Here's the data for the distributed generation tables with a few small changes to the utility data tables.
This PR also contains changes to the extract module to address the strange -1 column problem.

…eneration_eia861

…f regions

cmgosnell

looks good! i have a few comments, but mostly it looks clean (do I sound like a broken record?, lol).

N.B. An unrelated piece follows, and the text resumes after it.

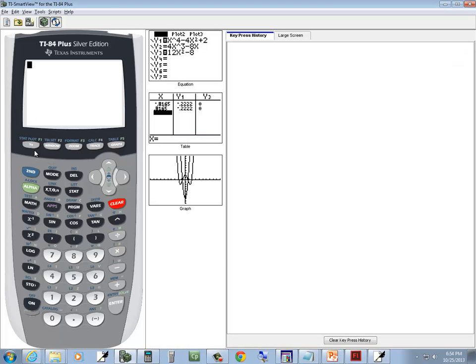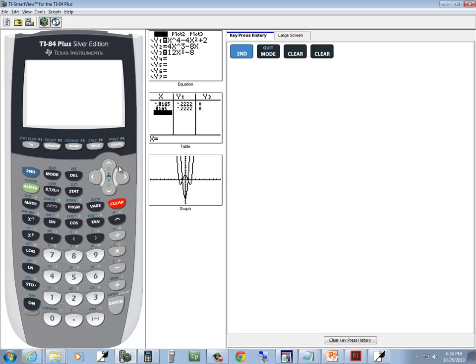If you're in graph mode, do a second mode to exit out. And if you've got something on display, just press clear a couple times, it'll clear it out.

cmgosnell · 2020-08-17T16:19:16Z

src/pudl/constants.py

+    'gas',
+    'oil',
+    'other',
+    'renewable',  # needs prefix 'all' to not confuse with 'other'


is this prefix comment still relevant?

not anymore! thanks

cmgosnell · 2020-08-17T16:23:27Z

src/pudl/extract/eia861.py

@@ -41,6 +41,7 @@ def process_raw(self, df, yr, page):
            "The data has not yet been validated, and the structure may change."
        )
        column_map_numeric = self._metadata.get_column_map(yr, page)
+        # print(column_map_numeric)


can you get rid of this little guy?... or change it to a logger.debug with a more informative message if you think it might be helpful in the future.

cmgosnell · 2020-08-17T16:39:49Z

src/pudl/transform/eia861.py

+    # * Remove old pct cols and totals cols
+    ###########################################################################
+
+    # Separate datasets into years with only pct values (pre-2010) and years with only mw values (post-2010)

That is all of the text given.